Quem precisou ser atendido no início da noite da última terça-feira no Pronto-socorro da Unimed, que funciona no Hospital São Joaquim, teve de ter muita paciência. A fila de espera chegou a 40 pacientes e a demora para atendimento ultrapassou as três horas. Reclamações e muitas queixas não faltaram. O transtorno para os usuários tem se tornado uma constante. Segundo a direção do hospital, o problema acontece por conta do aumento da demanda que começou no mês passado.

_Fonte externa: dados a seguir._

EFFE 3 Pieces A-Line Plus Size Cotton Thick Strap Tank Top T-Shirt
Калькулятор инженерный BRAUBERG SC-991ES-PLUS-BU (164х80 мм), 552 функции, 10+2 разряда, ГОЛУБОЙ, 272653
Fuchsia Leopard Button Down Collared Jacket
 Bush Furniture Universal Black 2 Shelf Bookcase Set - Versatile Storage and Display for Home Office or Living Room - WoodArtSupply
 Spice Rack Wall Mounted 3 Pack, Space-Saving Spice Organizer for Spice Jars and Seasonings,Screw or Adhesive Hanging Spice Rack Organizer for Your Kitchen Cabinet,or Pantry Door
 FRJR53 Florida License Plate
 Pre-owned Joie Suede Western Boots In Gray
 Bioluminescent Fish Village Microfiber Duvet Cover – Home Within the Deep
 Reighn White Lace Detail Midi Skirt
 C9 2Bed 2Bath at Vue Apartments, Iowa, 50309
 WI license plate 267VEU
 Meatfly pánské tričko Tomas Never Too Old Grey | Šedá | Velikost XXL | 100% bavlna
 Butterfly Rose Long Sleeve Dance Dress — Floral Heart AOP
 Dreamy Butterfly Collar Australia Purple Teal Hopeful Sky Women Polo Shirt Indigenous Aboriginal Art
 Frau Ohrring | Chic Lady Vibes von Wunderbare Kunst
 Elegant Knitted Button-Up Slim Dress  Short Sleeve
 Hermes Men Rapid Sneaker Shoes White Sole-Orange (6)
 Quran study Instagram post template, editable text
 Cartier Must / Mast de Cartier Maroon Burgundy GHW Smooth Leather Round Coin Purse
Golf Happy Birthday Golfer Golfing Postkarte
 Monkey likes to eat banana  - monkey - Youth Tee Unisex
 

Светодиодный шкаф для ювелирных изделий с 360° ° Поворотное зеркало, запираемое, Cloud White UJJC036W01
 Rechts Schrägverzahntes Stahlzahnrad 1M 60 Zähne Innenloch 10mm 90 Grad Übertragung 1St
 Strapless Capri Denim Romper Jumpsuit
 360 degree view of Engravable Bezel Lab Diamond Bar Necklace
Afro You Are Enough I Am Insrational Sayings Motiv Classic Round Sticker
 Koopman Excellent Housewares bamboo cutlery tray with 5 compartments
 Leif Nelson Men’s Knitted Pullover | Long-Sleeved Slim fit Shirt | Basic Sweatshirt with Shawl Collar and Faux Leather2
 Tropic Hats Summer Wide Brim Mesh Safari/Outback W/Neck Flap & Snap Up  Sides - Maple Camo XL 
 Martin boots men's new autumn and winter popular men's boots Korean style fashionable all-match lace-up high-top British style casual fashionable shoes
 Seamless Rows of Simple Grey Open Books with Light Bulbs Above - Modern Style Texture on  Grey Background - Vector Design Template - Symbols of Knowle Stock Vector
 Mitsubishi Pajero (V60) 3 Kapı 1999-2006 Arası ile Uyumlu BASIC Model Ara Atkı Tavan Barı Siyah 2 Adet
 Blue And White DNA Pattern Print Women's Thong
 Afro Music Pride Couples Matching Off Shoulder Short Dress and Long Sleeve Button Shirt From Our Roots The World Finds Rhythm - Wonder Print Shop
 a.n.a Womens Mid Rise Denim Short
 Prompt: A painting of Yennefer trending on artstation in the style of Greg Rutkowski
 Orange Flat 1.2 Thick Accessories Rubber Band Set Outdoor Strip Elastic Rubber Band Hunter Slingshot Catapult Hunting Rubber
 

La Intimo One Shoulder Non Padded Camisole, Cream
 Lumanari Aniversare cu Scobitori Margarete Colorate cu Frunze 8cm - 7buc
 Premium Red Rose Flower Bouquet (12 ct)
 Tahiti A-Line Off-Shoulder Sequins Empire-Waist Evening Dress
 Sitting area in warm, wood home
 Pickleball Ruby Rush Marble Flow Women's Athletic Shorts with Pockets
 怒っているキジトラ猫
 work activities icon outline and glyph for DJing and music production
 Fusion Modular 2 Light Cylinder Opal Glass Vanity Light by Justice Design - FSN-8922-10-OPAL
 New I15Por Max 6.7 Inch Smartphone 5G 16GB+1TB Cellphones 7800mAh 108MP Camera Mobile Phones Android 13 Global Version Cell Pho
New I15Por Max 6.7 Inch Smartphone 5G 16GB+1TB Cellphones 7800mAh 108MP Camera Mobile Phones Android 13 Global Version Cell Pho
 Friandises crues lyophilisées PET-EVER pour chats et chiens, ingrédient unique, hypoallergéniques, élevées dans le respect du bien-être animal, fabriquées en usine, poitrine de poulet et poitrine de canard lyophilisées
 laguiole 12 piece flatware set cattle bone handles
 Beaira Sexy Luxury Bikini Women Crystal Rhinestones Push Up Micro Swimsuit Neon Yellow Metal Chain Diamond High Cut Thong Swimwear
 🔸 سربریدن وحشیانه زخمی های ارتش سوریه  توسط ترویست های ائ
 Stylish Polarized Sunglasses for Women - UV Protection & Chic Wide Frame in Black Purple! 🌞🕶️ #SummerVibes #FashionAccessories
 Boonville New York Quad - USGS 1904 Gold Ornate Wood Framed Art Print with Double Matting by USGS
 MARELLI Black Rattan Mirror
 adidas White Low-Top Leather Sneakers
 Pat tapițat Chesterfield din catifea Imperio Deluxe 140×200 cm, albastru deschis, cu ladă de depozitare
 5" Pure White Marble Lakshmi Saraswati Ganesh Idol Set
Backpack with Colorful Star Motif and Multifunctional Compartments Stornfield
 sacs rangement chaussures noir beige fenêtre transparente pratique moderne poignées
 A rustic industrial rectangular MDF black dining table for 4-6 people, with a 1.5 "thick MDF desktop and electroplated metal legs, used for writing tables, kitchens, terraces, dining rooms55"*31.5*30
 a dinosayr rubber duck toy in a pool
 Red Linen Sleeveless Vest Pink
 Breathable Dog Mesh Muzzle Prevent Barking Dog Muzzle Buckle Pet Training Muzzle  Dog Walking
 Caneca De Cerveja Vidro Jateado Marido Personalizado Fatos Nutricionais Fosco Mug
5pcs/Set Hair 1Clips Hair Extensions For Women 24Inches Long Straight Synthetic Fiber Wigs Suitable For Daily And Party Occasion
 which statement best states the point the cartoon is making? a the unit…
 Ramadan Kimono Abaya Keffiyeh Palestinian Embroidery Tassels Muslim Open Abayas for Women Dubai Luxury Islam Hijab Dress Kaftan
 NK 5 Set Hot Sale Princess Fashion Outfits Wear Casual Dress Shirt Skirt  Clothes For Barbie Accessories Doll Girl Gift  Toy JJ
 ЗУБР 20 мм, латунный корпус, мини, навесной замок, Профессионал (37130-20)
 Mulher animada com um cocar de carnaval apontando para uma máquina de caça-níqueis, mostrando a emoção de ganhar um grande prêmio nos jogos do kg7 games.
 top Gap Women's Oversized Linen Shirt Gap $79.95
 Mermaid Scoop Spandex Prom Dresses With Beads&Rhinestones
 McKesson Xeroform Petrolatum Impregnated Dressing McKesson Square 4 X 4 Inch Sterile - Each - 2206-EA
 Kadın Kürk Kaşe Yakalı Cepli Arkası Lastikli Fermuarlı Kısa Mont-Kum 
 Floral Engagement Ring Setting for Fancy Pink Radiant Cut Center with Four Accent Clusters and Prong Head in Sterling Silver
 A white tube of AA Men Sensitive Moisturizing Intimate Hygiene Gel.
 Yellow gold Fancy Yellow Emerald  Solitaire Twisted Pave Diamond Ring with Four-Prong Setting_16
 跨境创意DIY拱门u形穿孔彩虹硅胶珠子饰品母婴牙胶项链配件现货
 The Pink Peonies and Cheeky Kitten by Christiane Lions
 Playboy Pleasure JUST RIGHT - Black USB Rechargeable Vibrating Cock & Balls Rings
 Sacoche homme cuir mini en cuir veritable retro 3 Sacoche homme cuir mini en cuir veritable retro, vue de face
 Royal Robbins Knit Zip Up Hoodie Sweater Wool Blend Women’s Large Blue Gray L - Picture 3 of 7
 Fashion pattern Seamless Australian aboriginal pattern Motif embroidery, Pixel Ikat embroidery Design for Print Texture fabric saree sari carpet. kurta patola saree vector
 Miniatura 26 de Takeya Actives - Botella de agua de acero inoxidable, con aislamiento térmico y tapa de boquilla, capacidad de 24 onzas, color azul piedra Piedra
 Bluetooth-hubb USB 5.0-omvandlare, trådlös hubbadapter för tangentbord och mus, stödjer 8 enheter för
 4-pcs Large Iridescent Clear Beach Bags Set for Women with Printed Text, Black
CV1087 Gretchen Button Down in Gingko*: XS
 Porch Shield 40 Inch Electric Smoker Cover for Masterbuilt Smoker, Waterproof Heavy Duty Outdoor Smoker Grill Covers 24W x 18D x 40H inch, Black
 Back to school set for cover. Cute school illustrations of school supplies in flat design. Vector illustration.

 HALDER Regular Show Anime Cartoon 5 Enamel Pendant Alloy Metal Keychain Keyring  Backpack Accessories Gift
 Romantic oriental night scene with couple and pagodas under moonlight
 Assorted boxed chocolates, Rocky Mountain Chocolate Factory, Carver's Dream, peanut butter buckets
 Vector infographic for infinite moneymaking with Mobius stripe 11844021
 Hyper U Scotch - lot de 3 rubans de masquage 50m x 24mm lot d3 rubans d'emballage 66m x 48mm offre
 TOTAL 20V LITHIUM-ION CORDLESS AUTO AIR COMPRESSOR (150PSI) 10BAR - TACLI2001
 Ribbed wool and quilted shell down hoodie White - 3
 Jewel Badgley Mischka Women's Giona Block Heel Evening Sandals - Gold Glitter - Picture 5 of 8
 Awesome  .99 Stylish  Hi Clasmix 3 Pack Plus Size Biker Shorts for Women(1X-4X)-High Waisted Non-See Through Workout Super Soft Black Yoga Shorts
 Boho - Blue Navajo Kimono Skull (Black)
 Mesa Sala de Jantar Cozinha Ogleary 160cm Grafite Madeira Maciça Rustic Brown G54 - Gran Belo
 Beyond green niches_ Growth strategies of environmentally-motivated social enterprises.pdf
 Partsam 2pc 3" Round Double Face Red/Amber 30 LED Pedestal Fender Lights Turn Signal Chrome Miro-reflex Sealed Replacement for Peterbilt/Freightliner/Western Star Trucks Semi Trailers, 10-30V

De acordo com dados da Unimed, no início do ano, a média de atendimentos no pronto-socorro era de 11 mil pessoas por mês. Com a proximidade da chegada do inverno, em maio, este número saltou para 16 mil, um acréscimo de 46%. “Isso é reflexo da estação do ano. Este aumento acontece sempre durante o período de frio e seca, quando a ocorrência das doenças do trato respiratório cresce”, disse a diretora-administrativa Dinave Garcia Américo.
Ela disse que, desde fevereiro, a Unimed vem tentando encontrar soluções para melhorar o atendimento prestado no PS e diminuir o tempo de espera. “Estamos cientes deste problema. Acompanhamos os números dos atendimentos e trabalhamos para amenizar a espera.” Entre as soluções, está a contratação de mais médicos por plantões. Antes eram dois clínicos para os adultos e três pediatras para as crianças. Hoje são três clínicos e quatro pediatras nos dias e horários de maior demanda.
Além disso, a Unimed também vem fazendo mudanças no sistema de atendimento do PS. Recentemente, começou a funcionar a triagem, em que, depois de serem registrados, os pacientes passam por um pré-atendimento. “Lá, enfermeiras fazem a aferição da pressão, medem a febre e alguns sinais importantes. Se for verificada alguma alteração significativa, o paciente é encaminhado imediatamente para o atendimento médico”, explicou Dinave.
A partir de 1º de julho, a triagem terá seu funcionamento estendido, passando até as 21 horas. Hoje funciona até as 19 horas. Em agosto, atenderá até as 23 horas.
A diretora afirmou ainda que a maior parte dos atendimentos hoje prestados pelo pronto-socorro não é de urgência e emergência. “São casos em que a pessoa não corre risco de vida, como uma gripe forte ou infecção de garganta. Na verdade, deveriam ser resolvidos nos consultórios médicos, mas por uma questão cultural e de praticidade, o paciente busca o atendimento no pronto-socorro. Isso acaba gerando a grande demanda e, por consequência, a espera.”
Como o PS é obrigado a obedecer a classificação de urgência, os casos mais graves acabam sendo atendidos primeiro, independentemente, da ordem de chegada do paciente. “Aqueles que podem esperar acabam ficando para depois. Por isso, o melhor para fugir das filas e da espera, que é muito cansativa, é procurar o consultório médico”, aconselha a diretora.
Dinave disse que a Unimed disponibiliza um serviço de auxílio aos usuários que enfrentarem dificuldade para marcação de consulta. O telefone é o (16) 3711-6677.